The data:
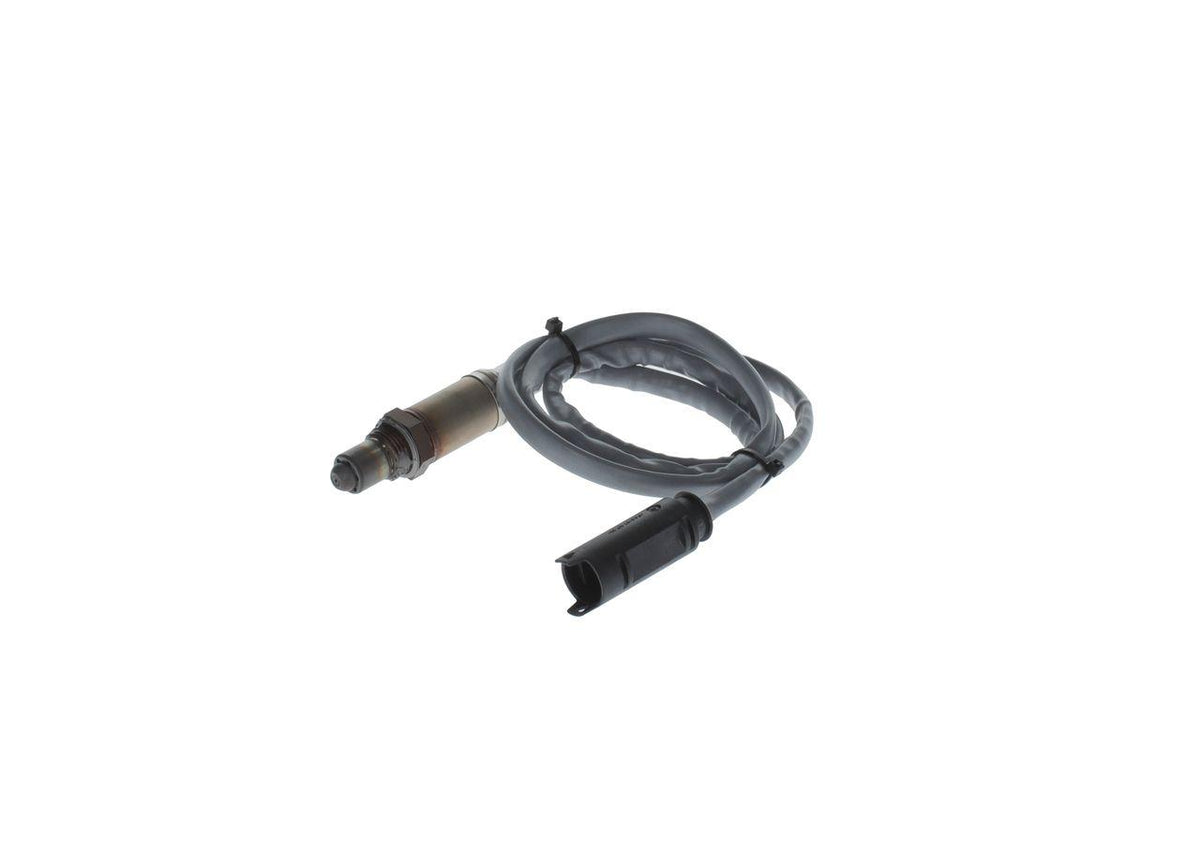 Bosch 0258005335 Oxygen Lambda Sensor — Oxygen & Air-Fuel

* * *

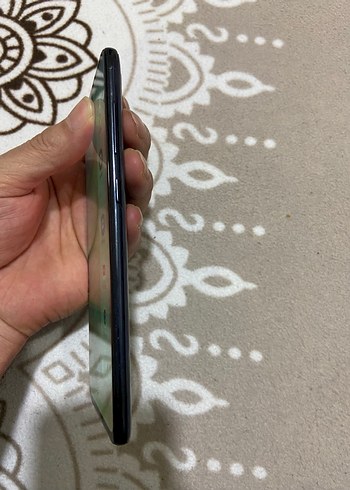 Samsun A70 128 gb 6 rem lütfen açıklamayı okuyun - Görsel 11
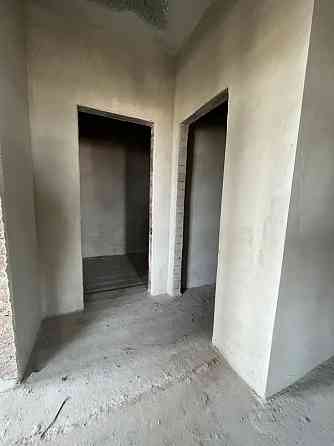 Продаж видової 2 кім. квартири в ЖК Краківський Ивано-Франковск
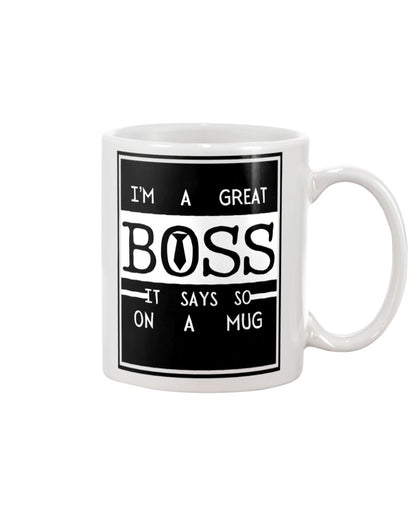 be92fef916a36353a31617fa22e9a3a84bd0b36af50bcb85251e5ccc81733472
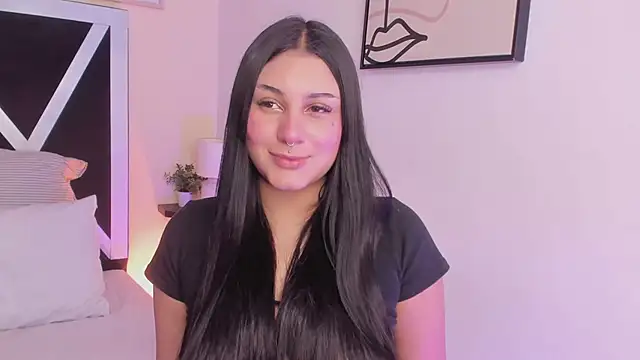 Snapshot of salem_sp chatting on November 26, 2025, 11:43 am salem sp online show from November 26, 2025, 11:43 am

* * *

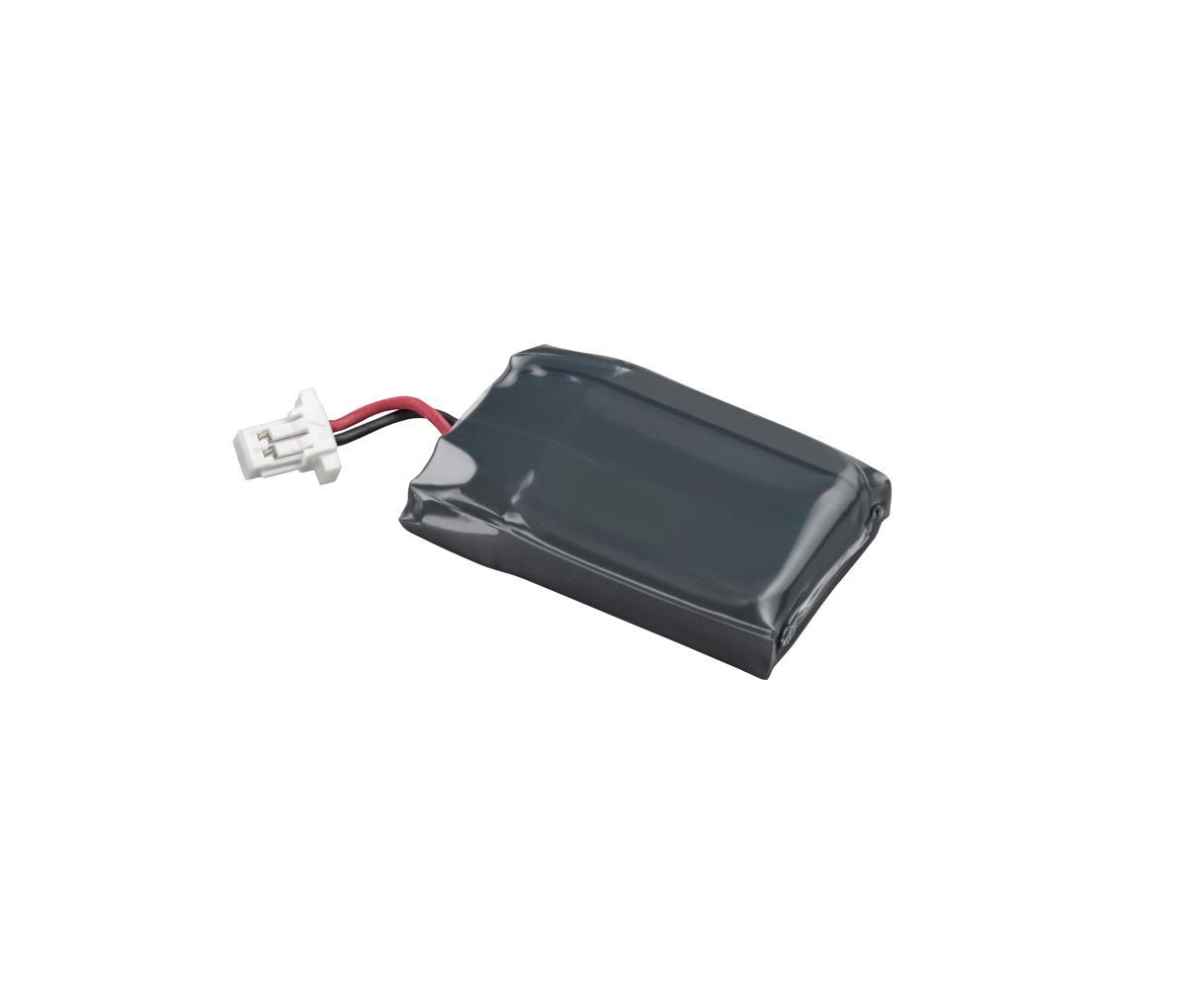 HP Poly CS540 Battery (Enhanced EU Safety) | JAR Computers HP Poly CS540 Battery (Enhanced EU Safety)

Try it: In the listing above, find the line containing "be92fef916a36353a31617fa22e9a3a84bd0b36af50bcb85251e5ccc81733472" and the line containing "Snapshot of salem_sp". Reproduce those lines and all between them exactly, with no pictures and nothing more.

Exercise output:
 be92fef916a36353a31617fa22e9a3a84bd0b36af50bcb85251e5ccc81733472
 Snapshot of salem_sp chatting on November 26, 2025, 11:43 am salem sp online show from November 26, 2025, 11:43 am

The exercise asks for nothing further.